As an example, this tiny bit of source code
if (true) {
a = 3
}
gets converted into the following list of tokens
{'column': 1, 'detail': 'IF', 'source': u'if', 'line': 1, 'type': 'reserved', 'id': 'x_mini.js'}
{'column': 4, 'detail': 'LP', 'source': u'(', 'line': 1, 'type': 'token', 'id': 'x_mini.js'}
{'column': 5, 'detail': 'TRUE', 'source': u'true', 'line': 1, 'type': 'reserved', 'id': 'x_mini.js'}
{'column': 9, 'detail': 'RP', 'source': u')', 'line': 1, 'type': 'token', 'id': 'x_mini.js'}
{'column': 11, 'detail': 'LC', 'source': u'{', 'line': 1, 'type': 'token', 'id': 'x_mini.js'}
{'column': 12, 'detail': '', 'source': '', 'line': 1, 'type': 'eol', 'id': 'x_mini.js'}
{'column': 3, 'detail': 'public', 'source': u'a', 'line': 2, 'type': 'name', 'id': 'x_mini.js'}
{'column': 5, 'detail': 'ASSIGN', 'source': u'=', 'line': 2, 'type': 'token', 'id': 'x_mini.js'}
{'column': 7, 'detail': 'int', 'source': u'3', 'line': 2, 'type': 'number', 'id': 'x_mini.js'}
{'column': 8, 'detail': '', 'source': '', 'line': 2, 'type': 'eol', 'id': 'x_mini.js'}
{'column': 3, 'detail': 'RC', 'source': u'}', 'line': 3, 'type': 'token', 'id': 'x_mini.js'}
{'column': 4, 'detail': '', 'source': '', 'line': 3, 'type': 'eol', 'id': 'x_mini.js'}
{'column': 1, 'detail': '', 'source': '', 'line': 4, 'type': 'eof', 'id': 'x_mini.js'}
As you can see each token is captured as a key-value pair map and represents a significant piece of the input file. The source attribute of each map holds the literal string found in the input that is associated with that token. Other attributes record the position of the token in the source file (’line’, ‘column’), its type or its token class (’detail’). The file name of the input file is used as an id shared among all tokens. (To get a list of all recognized token classes like ‘RP’ (right paren) and ‘LC’ (left curly), see the module config.py).

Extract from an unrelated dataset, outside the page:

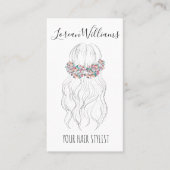 Carte De Visite Boho Coiffeur Mariage Floral Romantique QR (Devant)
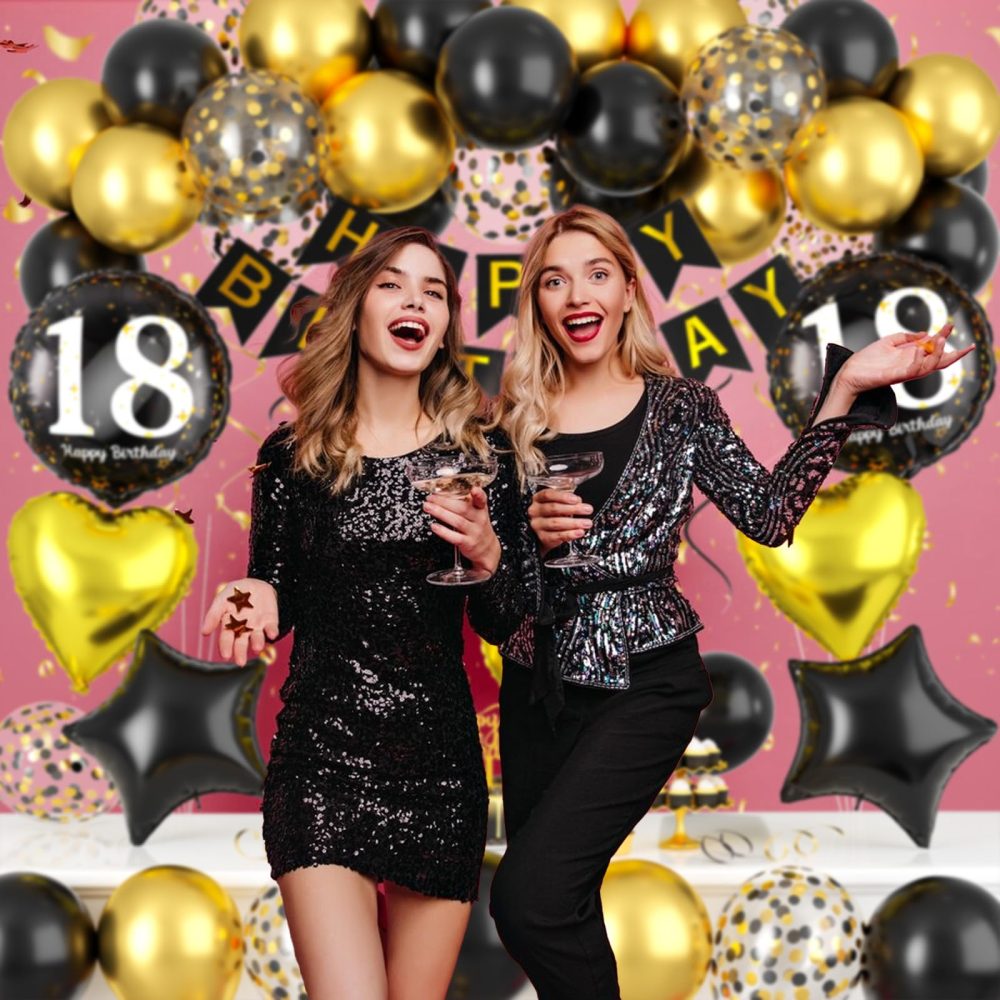 Black and Gold 18th Birthday Decorations, 18th Birthday Balloons Gold and Black 18th Party Decorations with Black Gold Balloons Happy Birthday Banner Cake Topper for Boys Girls 18th Birthday Supplies - Image 4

Used from the Command Line
The tokenizer module, tokenizer.py, can be invoked on the command line, takes an input file as its argument, and writes the list of tokens to STDOUT. More help on command line options can be obtained by issuing
tokenizer.py --help
Used from Code
You can also use tokenizer.py programmatically:
import tokenizer tokenArray = tokenizer.parseStream(string) # or tokenArray = tokenizer.parseFile(filename)
This allows you to capture the list of tokens produced from a piece of source code for further processing. Within qooxdoo, this is exactly what happens in the treegenerator.